Ms. Krevlin is a founding partner of BKSK Architects with an expertise in the design of cultural and civic environments. She has served as partner-in-charge of a number of major projects for the New York City Department of Design and Construction, including the Queens Botanical Garden and the New York Hall of Science. She has been a member of the board of the Bronx Museum since 2007.
“The board of trustees fully supports the vision and programs that our Executive Director, Holly Block, has set in place and we are dedicated to pursuing them,” stated Mr. Mizzi. “The Museum has had incredible success at all levels; from our extensive, ongoing community engagement programs, to our critically acclaimed exhibitions, to our projects of international stature and impact, Holly has built an institution of national significance that celebrates and serves our local community.”
“Our board continues to endorse the Museum’s groundbreaking, thought-provoking programming as a resource to the Bronx community,” stated Ms. Krevlin. “We also remain dedicated to pursuing those special projects, including international projects, that explore important contemporary issues and strengthen our position within the greater art world.

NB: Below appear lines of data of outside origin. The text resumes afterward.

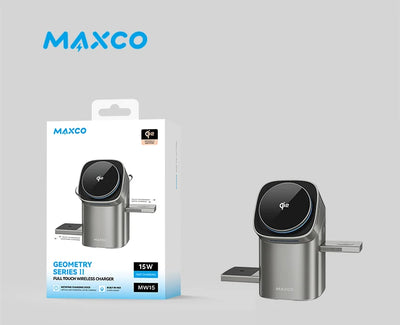 Qi2 3-in-1 Magnetic Wireless Charger / شاحن لاسلكي مغناطيسي 3 في 1 بتقنية Qi2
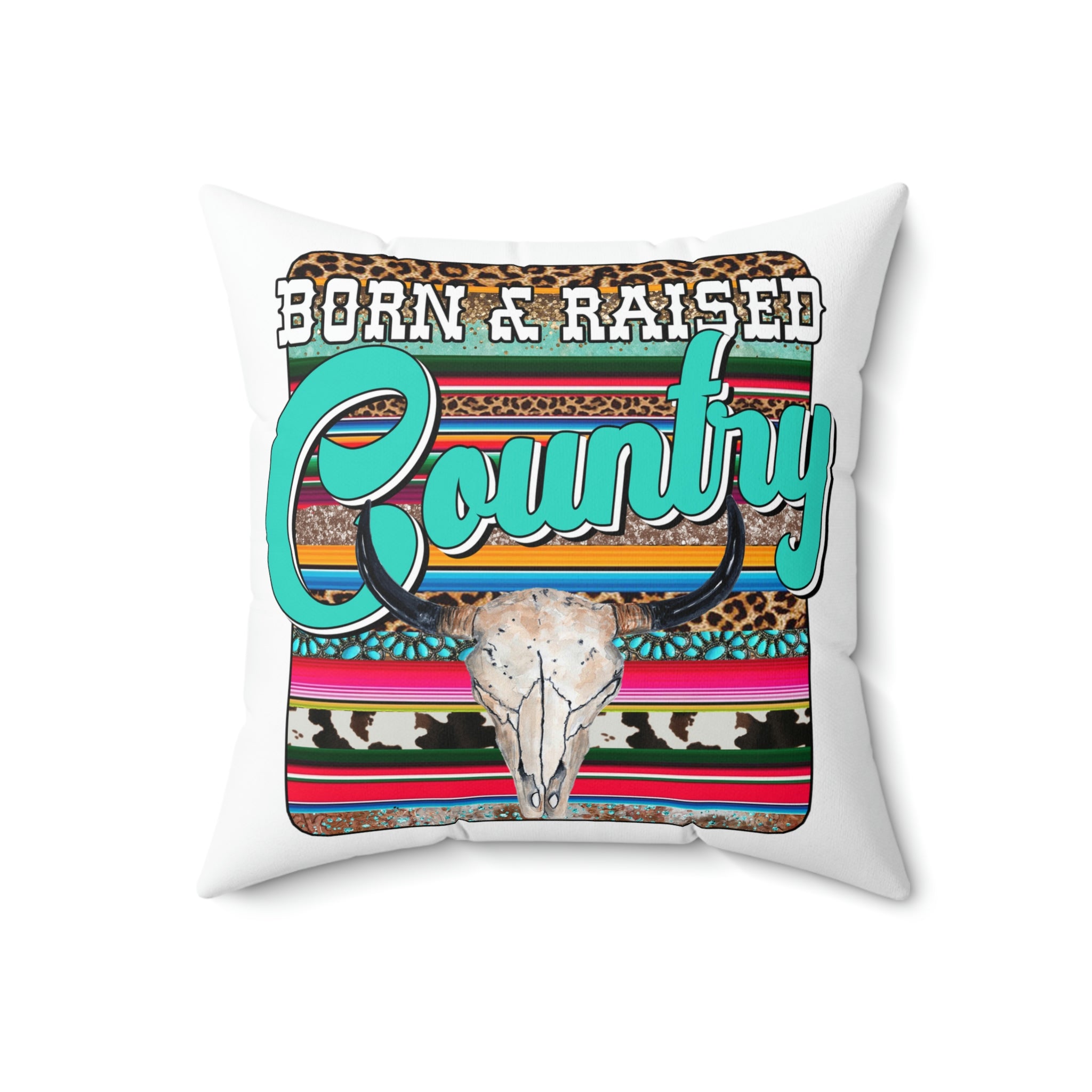 Spun Polyester Square Pillow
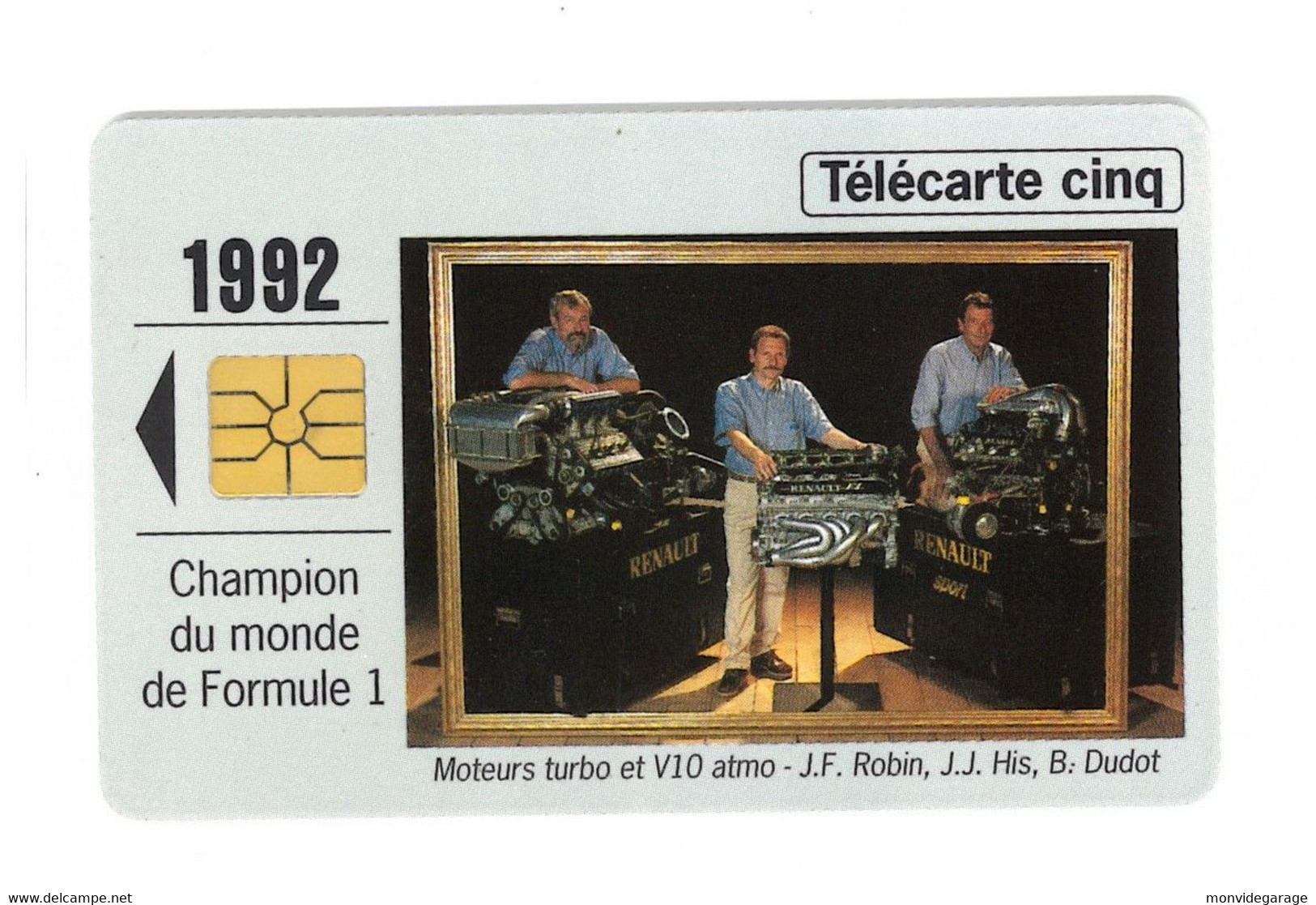 Gn 123a - Renault 1992 - Verso Logo Moreno - Errors And Oddities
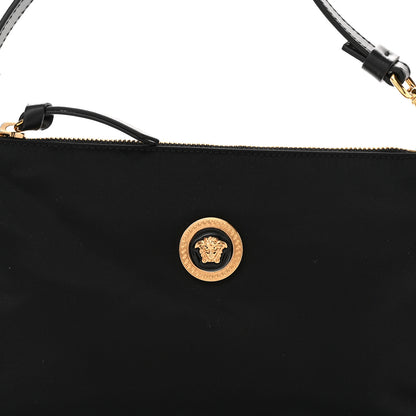 Versace Nylon Tribute Icon Flat Pouch Black 7 of 11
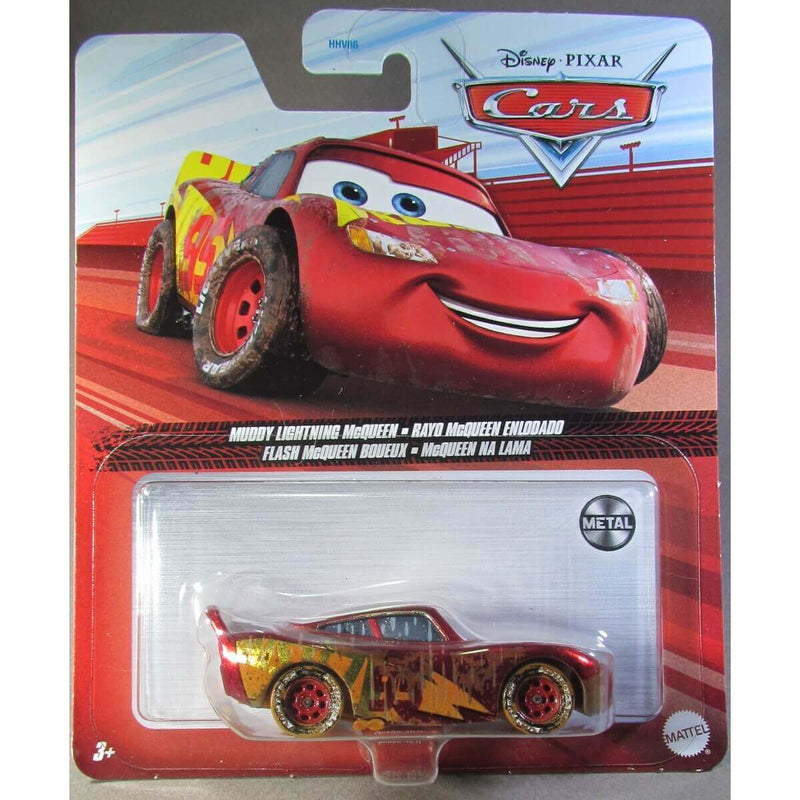 Disney Pixar Cars 2023 Character Cars (Mix 7), Muddy Lightning McQueen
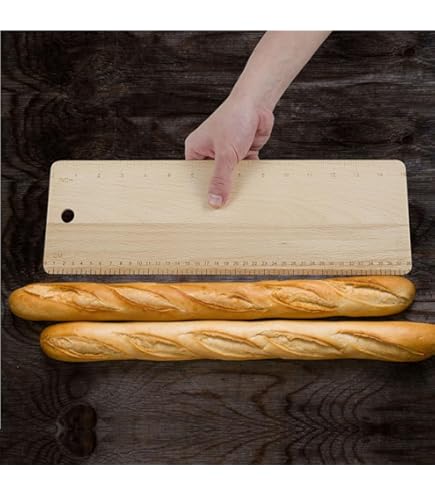 Planche De Transfert De Pain En Bois Pour Baguettes De Pain Français, Pains Et Ciabatta (33 Cm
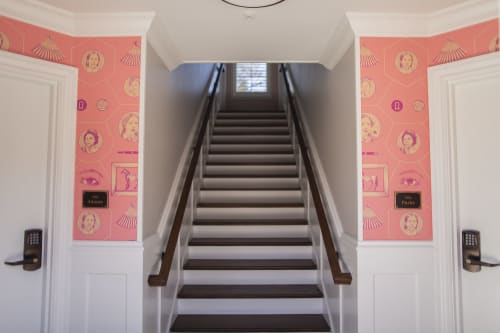 Carriage House Wallpapers | Wallpaper by New Hat Projects | Germantown Inn in Nashville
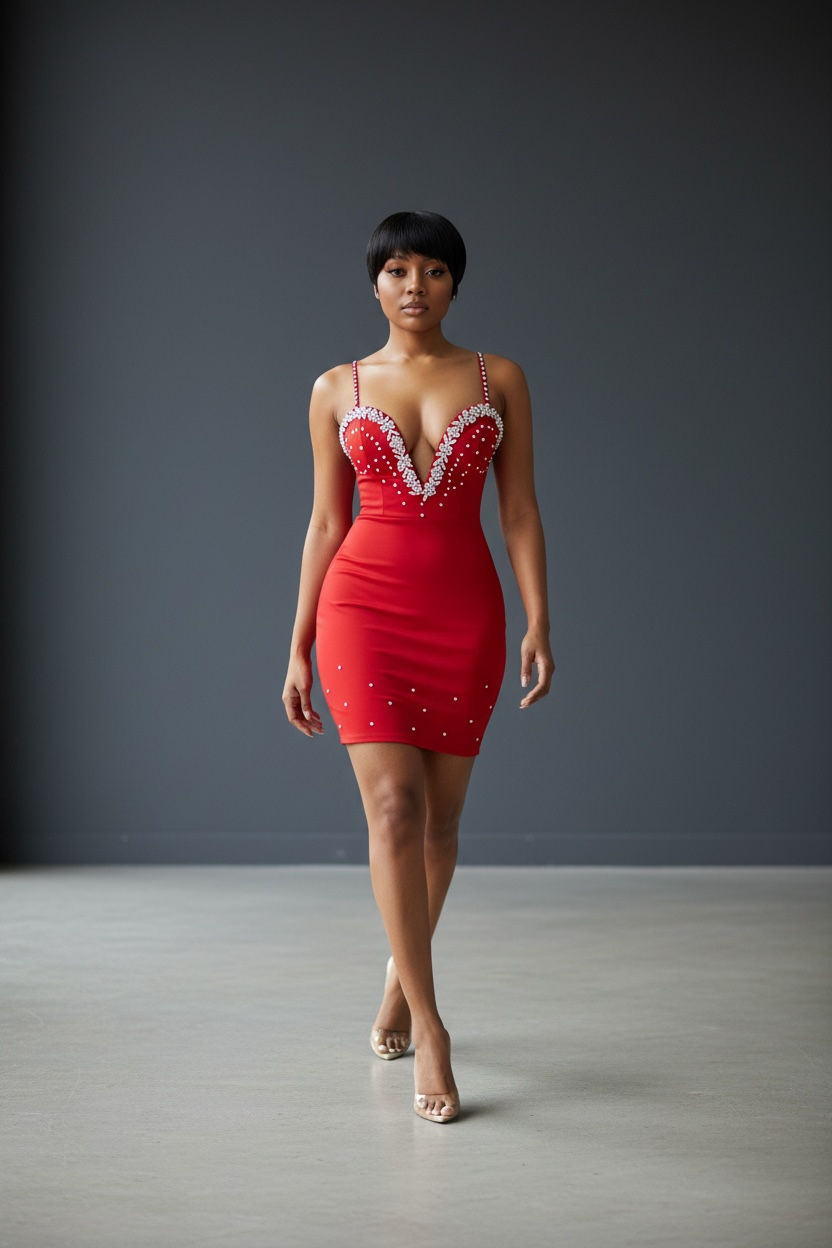 Cora Rhinestone Bandage Dress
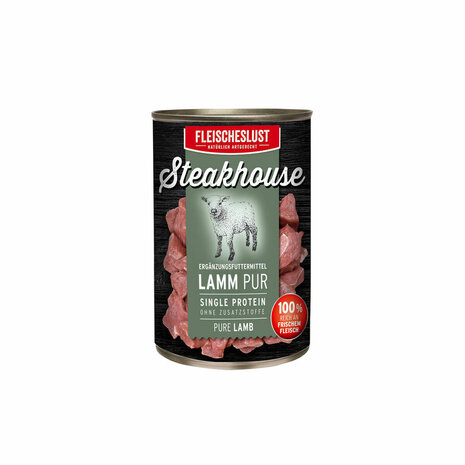 Natvoer Fleischeslust Pure 800 gr Lam 1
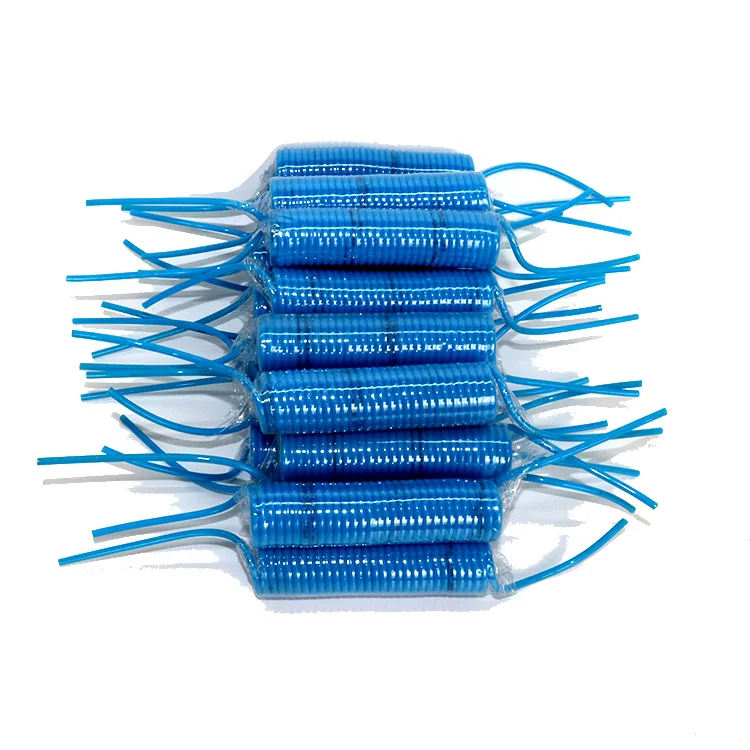 
4mm China Supplier Professional Coiled Auto Pneumatic TPU Spring Hose Polyurethane Spiral Air Hose PU Coil Hose 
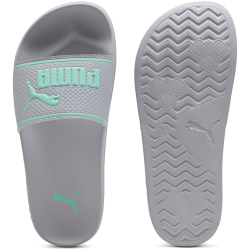PUMA Leadcat 2.0 Badelatschen Kinder 20 - vibrant silver/mint jelly 39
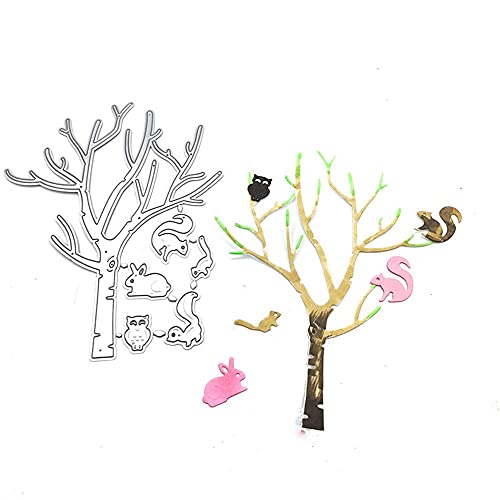 Aeromdale Metall-Stanzschablonen, Weihnachtsbaum, Eichhörnchen, Stanzformen für Bastelarbeiten, Scrapbooking, Alben, Stempel, Hochzeit, Papier, Karten, Handarbeit, Stanzen – 111 x 139 mm – 1 Set Aeromdale Metall-Stanzschablonen, Weihnachtsbaum, Eichhörnchen, Stanzformen für Bastelarbeiten, Scrapbooking, Alben, Stempel, Hochzeit, Papier, Karten, Handarbeit, Stanzen – 111 x 139 mm – 1 Set von Aeromdale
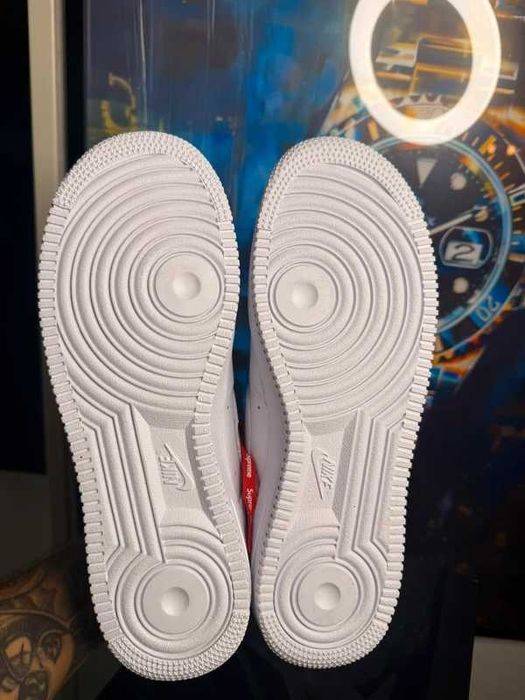 Nike Air Force 1 Supreme White R.42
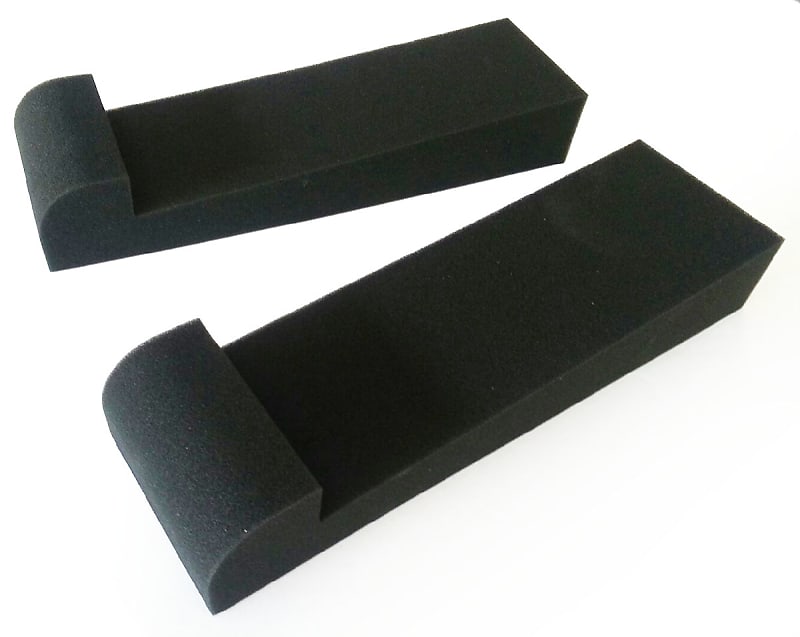 Set of 2 Acoustic Foam Studio Monitor Isolation Pads 4&quot; x 11&quot; (W*D)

The heightened visibility and stature that these ambitious international projects bring to the Museum are a great benefit to the local community and help us to better fulfill our mission of presenting new ideas and voices in a global context and making contemporary art a vital, relevant experience for visitors.”
“The Museum has achieved a balanced budget for the past seven years while also funding such incredible programs as the presentation of Sarah Sze for the U.S. Pavilion at the 2013 Venice Biennale and the unprecedented exhibition of works from the Bronx Museum collection in Havana last year, as the first part of Wild Noise, which is the most significant visual arts exchange between the two countries in more than 50 years,” added Mr. Mizzi. “These achievements—together with all of our other programming—by an institution of our size is an affirmation of the strength of the board’s commitment to Holly and her leadership.”
Major exhibitions in the past year include Art AIDS America and a retrospective of the work of Martin Wong, along with a myriad of exhibitions and events featuring the work and voices of local artists. In 2011, the Museum implemented a free admissions policy as a way to make art and its programs readily accessible to all of the constituencies it serves.
Among the Museum’s ongoing community engagement programs is the Community Advisory Council, a volunteer group of local residents working collaboratively with the Museum on programming and acting as Cultural Ambassadors to the community. This is complemented by the Teen Council, a year-long paid internship that provides teens with an open forum for the expression of ideas and dialogue on issues affecting young people today, providing dynamic experiences with contemporary art and culture to urban youth through an intensive after-school program.
In addition to serving as Commissioner for the U.S. Pavilion for the 2013 Venice Biennale and the landmark exhibition of their collection in Havana last year, the Museum also organized smARTpower, an initiative of the Department of State's Bureau of Educational and Cultural Affairs, which sent 15 U.S. artists abroad to work with local artists and young people around the world, and the ongoing Artist in the Marketplace program, which supports emerging artists by providing professional development resources and introducing their work to the public. The Museum’s collection comprises over 1,000 modern and contemporary works of art in all media with a focus on works by artists of African, Asian, and Latin-American ancestry, as well as artists for whom the Bronx has been critical to their development.
In May of this year, the Museum announced plans for a major architectural enhancement and upgrade of its facility to better serve its community and visitors, add new spaces for public programs and exhibitions, and strengthen its crucial contribution to the civic fabric of the Bronx.